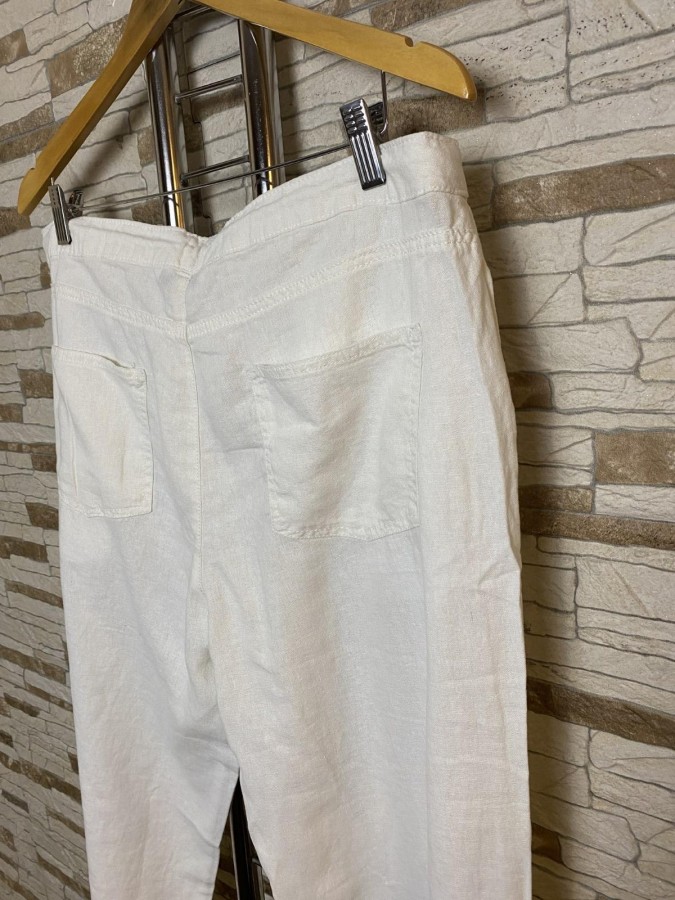 Pantaloni amestec in cu broderie buzunare V by Very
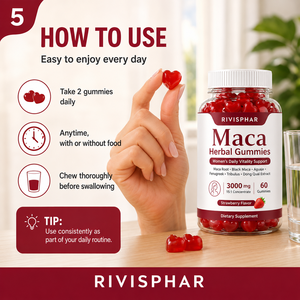 Gummies Maca Plus pour Adultes : Produit de Beauté Efficace pour le Rehaussement des Fesses et le Raffermissement des Hanches, pour Femmes Non Enceintes - Product Image 4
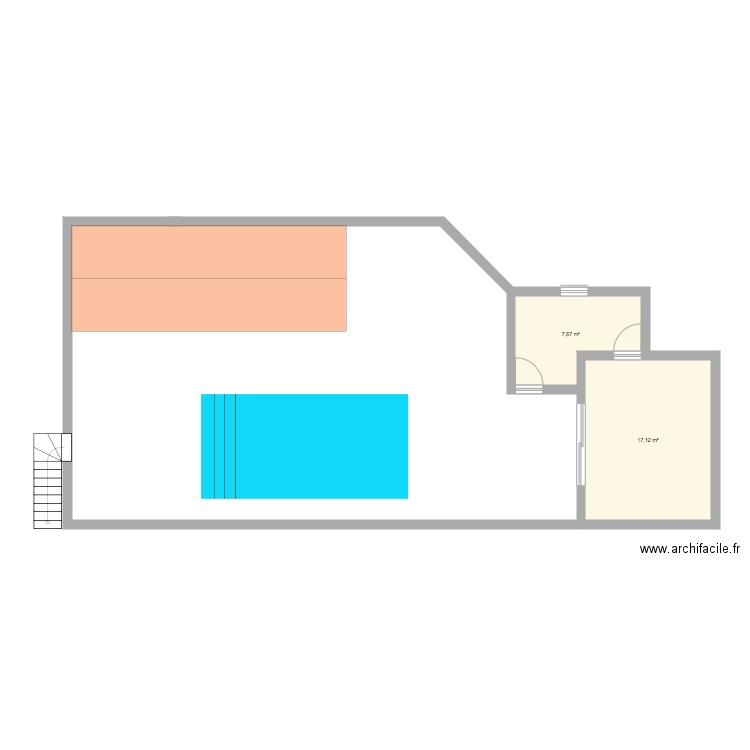 piscine 2. Plan de 0 pièce et 0 m2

**EXERCISE PROMPT**
The answer should be the full material above, printed exactly, with no pictures in it.

**EXERCISE RESPONSE**
 Pantaloni amestec in cu broderie buzunare V by Very
 Gummies Maca Plus pour Adultes : Produit de Beauté Efficace pour le Rehaussement des Fesses et le Raffermissement des Hanches, pour Femmes Non Enceintes - Product Image 4
 piscine 2. Plan de 0 pièce et 0 m2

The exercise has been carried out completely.